Maître Margon vide son verre et continue.
-Nous sommes en fin d’après-midi, le jeudi 6 avril 1944, depuis le début de l’année, la résistance est active dans notre secteur, je vous passe les détails, ce jour-là donc, j’entends des bruits de moteur dans la rue et deux officiers de la gestapo accompagnés de deux miliciens font irruption dans mon bureau, vous imaginez mon état, persuadé qu’ils sont au courant de mes agissements et qu’ils viennent m’arrêter. Je suis soulagé quand l’un des miliciens déploie une carte sur mon bureau et me demande de leur situer un lieu-dit sur le finage de Champbourg, c’est bien le notaire qui est sollicité mais je tressaille quand ils me parlent des Barrettes, à cet endroit, en bordure de forêt, se trouve un ancien chalet de chasse et je sais qu’il sert de refuge aux résistants, éventuellement de lieu de réunion.
-Des maquisards du groupe Clément ?
-Non, c’est un autre groupe qui gravite dans ce secteur, à l’opposé d’Oberville, je rechigne, j’hésite, mais ces messieurs se fâchent. Prétextant un besoin pressant, je vais dans les toilettes et griffonne sur un morceau de journal… le papier hygiénique était inexistant… « Pierret, Champbourg, Barrettes», en sortant, je fais un petit signe significatif à mon clerc.
-Et ils vous obligent à les guider sur place ?
-Exactement, en jetant un coup d’œil par la fenêtre, je constate qu’ils ont des renforts, deux autos-mitrailleuses et une moto, pour gagner du temps, je demande à prendre une petite laine, un voyage en décapotable ce n’est pas encore la saison, j’espère que monsieur Martin parviendra à joindre Auguste Pierret par téléphone.
-Qui aura le temps d’avertir les maquisards.
-En envoyant un émissaire, c’est ce que j’espère mais, en arrivant aux abords du chalet, un homme en sort, il est copieusement mitraillé et s’écroule. Les Allemands tirent encore des rafales contre le chalet puis l’encerclent mais apparemment il n’y a plus personne, ils fouillent la forêt voisine avec leurs chiens, en vain. Je vis un véritable cauchemar, un officier me demande d’identifier l’homme abattu, je crois le reconnaître, mais je ne dis rien, je crains de subir le même sort, puis finalement je suis véhiculé jusqu’à Montlieu et libéré devant l’étude.

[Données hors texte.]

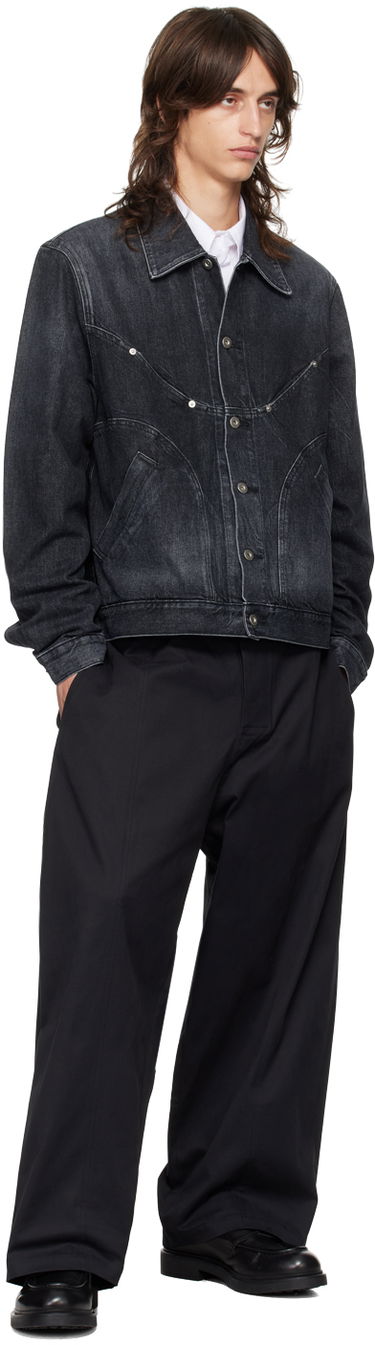 Nohavice sage NATION SAGE NATION Welt Trousers Čierna | S019 WELT TROUSER, 3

-Votre clerc avait réussi à joindre le maire de Champbourg.
-En effet, il avait compris mon signe, avait entendu quelques mots, la chance que le téléphone fonctionnait car en effet, la gestapo était bien renseignée, je l’ai su plus tard, une réunion se tenait dans le chalet, ils étaient une quinzaine.
-Et l’homme abattu était l’émissaire ?
-Exact, mais le pire est survenu le soir même, Auguste Pierret avait envoyé un jeune homme du village, un fils Mazard, il me semblait bien que c’était la victime, un garçon peu simplet surnommé Bouboule, il aurait dû quitter les lieux aussitôt sa mission remplie mais il s’est attardé dans le chalet, allez savoir pourquoi, après une identification, toute sa famille a été emmenée pour une destination inconnue, les parents et trois jeunes de 14 à 18 ans.
Maître Margon se tasse sur son fauteuil, son front perle de sueur, ses yeux s’embuent.
-Aucun n’est revenu, je me suis senti coupable, je me sens encore coupable, six morts innocents.
-Mais les résistants ont été sauvés !
-N’empêche, d’ailleurs Auguste Pierret avait les mêmes remords que moi.